Parsing HTML?

Sat Apr 26 17:56:59 EDT 2008

Benjamin wrote:
> On Apr 6, 11:03 pm, Stefan Behnel <stefan... at behnel.de> wrote:
>> Benjamin wrote:
>>> I'm trying to parse an HTML file.  I want to retrieve all of the text
>>> inside a certain tag that I find with XPath.  The DOM seems to make
>>> this available with the innerHTML element, but I haven't found a way
>>> to do it in Python.
>>     import lxml.html as h
>>     tree = h.parse("somefile.html")
>>     text = tree.xpath("string( some/element[@condition] )")
>>
>> http://codespeak.net/lxml
>>
>> Stefan
> 
> I actually had trouble getting this to work.  I guess only new version
> of lxml have the html module, and I couldn't get it installed.  lxml
> does look pretty cool, though.

Yes, the above code requires lxml 2.x.
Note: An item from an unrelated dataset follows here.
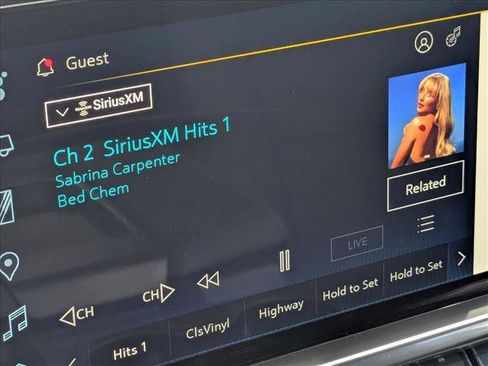 New 2025 Chevrolet Silverado 1500 RST AWD/4WD image 12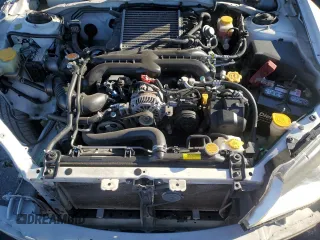 2013 Subaru WRX WRX with VIN JF1GV7E68DG003849, listed as a Copart auction lot 83584974 with 125,069 mi miles and Salvage title. Bid and sale history available at DreamBid. Image 11.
However, older versions should allow
you to do this:

     import lxml.etree as et
     parser = etree.HTMLParser()
     tree = h.parse("somefile.html", parser)
     text = tree.xpath("string( some/element[@condition] )")

lxml.html is just a dedicated package that makes HTML handling beautiful. It's
not required for parsing HTML and doing general XML stuff with it.

Stefan